Does it Pay to Get a PhD?

Ever thought of getting a PhD? Wonder if it is worth it or not?

Recently I have been asked this very question several times. They want to know my view on the PhD process.

Some are wanting a PhD for personal reasons, but everyone wants to know “Does it pay to have a PhD?”

 

In my case, yes. I have been put on boards (paid), been offered positions (for no other reason but the PhD), and of course I currently work at a university in a position which requires a PhD. But, I cannot claim this is typical. I know many PhDs who work normal corporate jobs that do not demand advanced degrees, and I even know some PhDs who are unemployed or underemployed.

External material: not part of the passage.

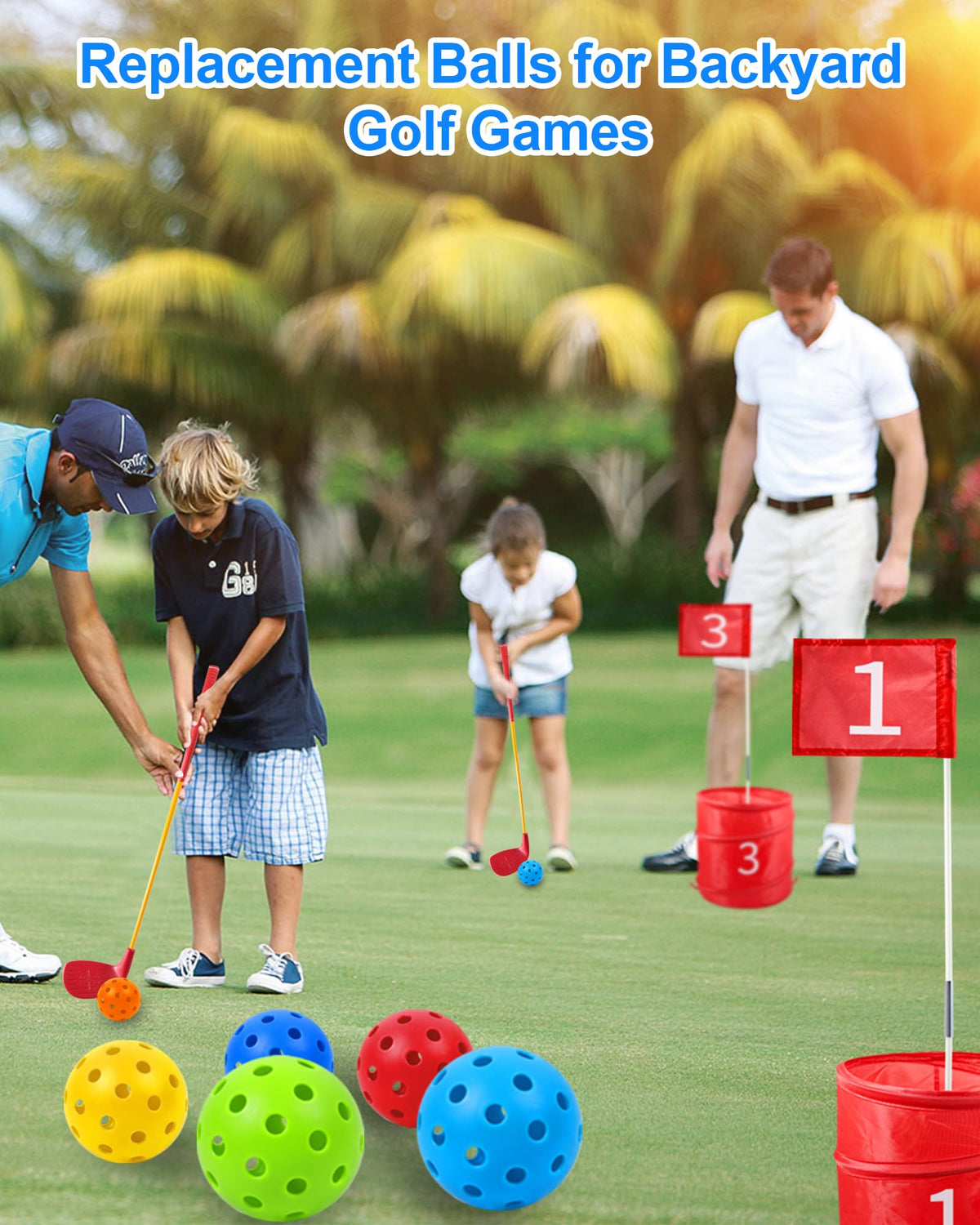 HOTWIND yellow backyard golf ball for high visibility in sun.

But, given the questions, I decided to do a little research.

Common Reasons NOT to get a PhD.

In an article by CBS, they tell of reasons why not to get the PhD. Here is how I view some of their 12 reasons.

 

Reason 1. A PhD takes twice as long as a bachelor’s degree to complete.

My View – Duh.

 

Reason 2. Professors will exploit you.

My View – If you let them and you choose poorly, yes. But you have choices.

 

Reason 3. You could drop out. Only about 57 percent of doctoral students will get their PhD within 10 years of starting graduate school.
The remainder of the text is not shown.